[Available records]

=======

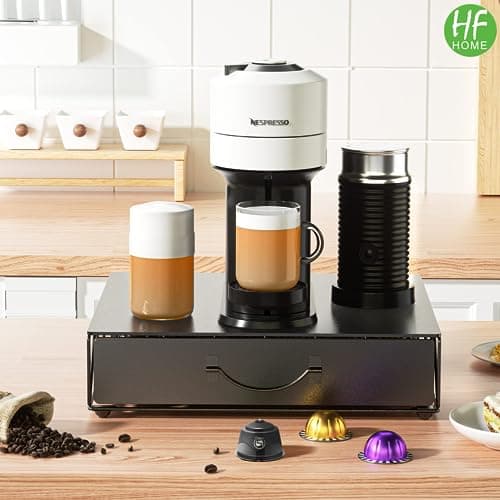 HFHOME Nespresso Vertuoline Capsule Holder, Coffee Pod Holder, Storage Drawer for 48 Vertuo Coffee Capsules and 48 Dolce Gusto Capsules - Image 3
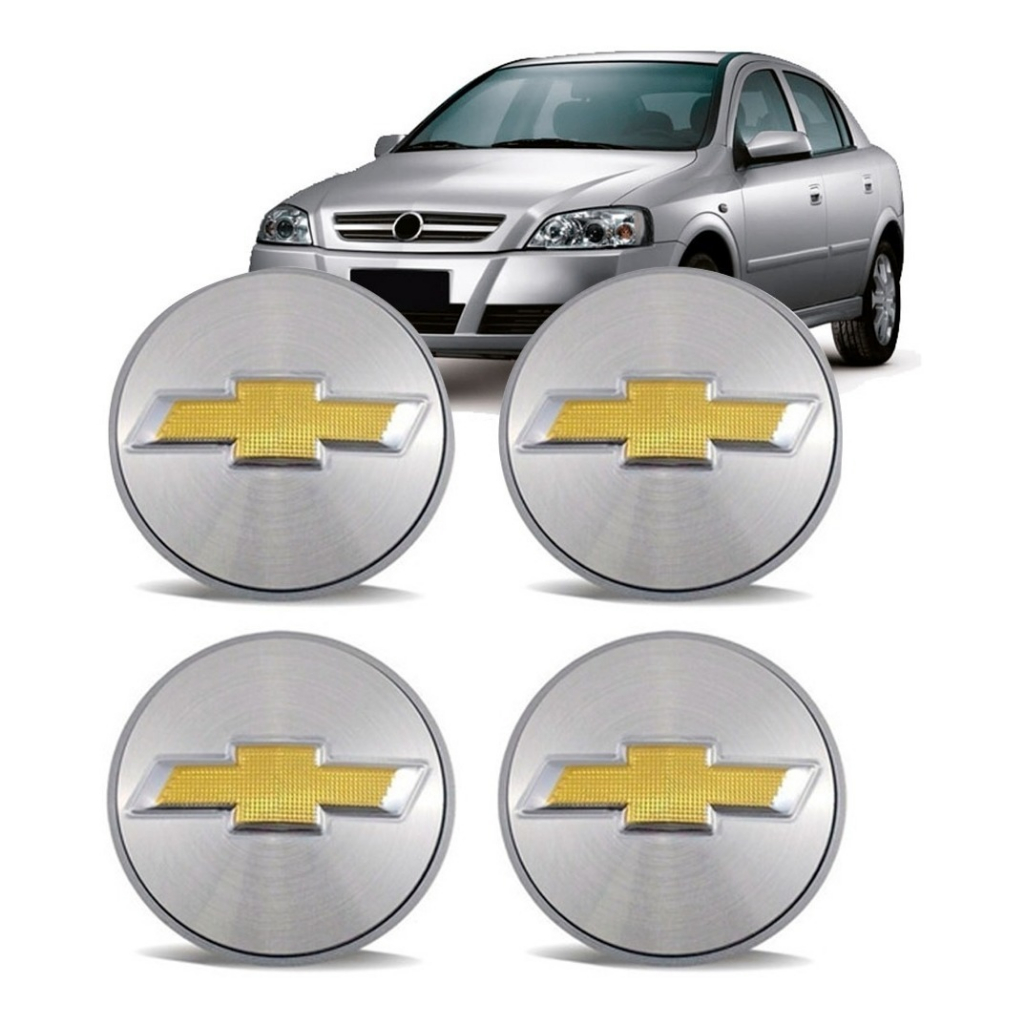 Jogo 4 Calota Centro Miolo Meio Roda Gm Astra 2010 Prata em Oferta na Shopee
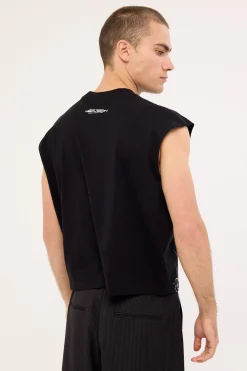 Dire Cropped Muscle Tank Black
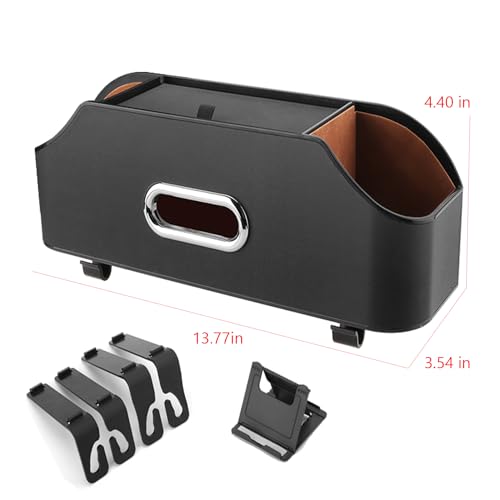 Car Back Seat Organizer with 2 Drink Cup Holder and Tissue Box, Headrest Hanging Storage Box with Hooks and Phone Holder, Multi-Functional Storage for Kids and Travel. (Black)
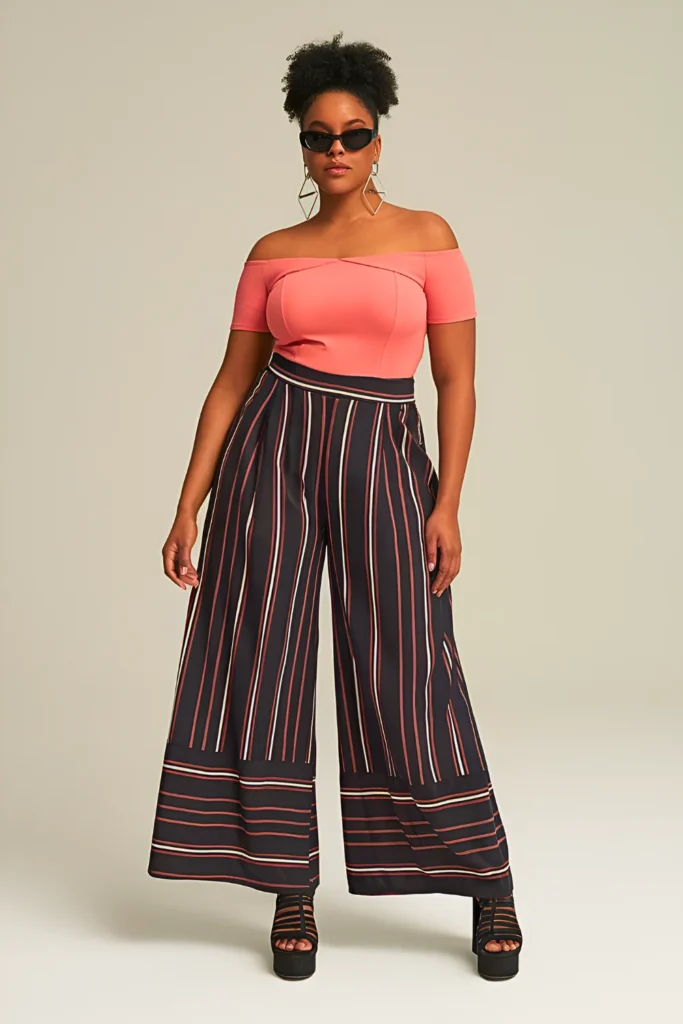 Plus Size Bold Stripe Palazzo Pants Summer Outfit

=======

[What you should do] An exact reproduction of the data is needed, with no pictures included.

[Answer section]
 HFHOME Nespresso Vertuoline Capsule Holder, Coffee Pod Holder, Storage Drawer for 48 Vertuo Coffee Capsules and 48 Dolce Gusto Capsules - Image 3
 Jogo 4 Calota Centro Miolo Meio Roda Gm Astra 2010 Prata em Oferta na Shopee
 Dire Cropped Muscle Tank Black
 Car Back Seat Organizer with 2 Drink Cup Holder and Tissue Box, Headrest Hanging Storage Box with Hooks and Phone Holder, Multi-Functional Storage for Kids and Travel. (Black)
 Plus Size Bold Stripe Palazzo Pants Summer Outfit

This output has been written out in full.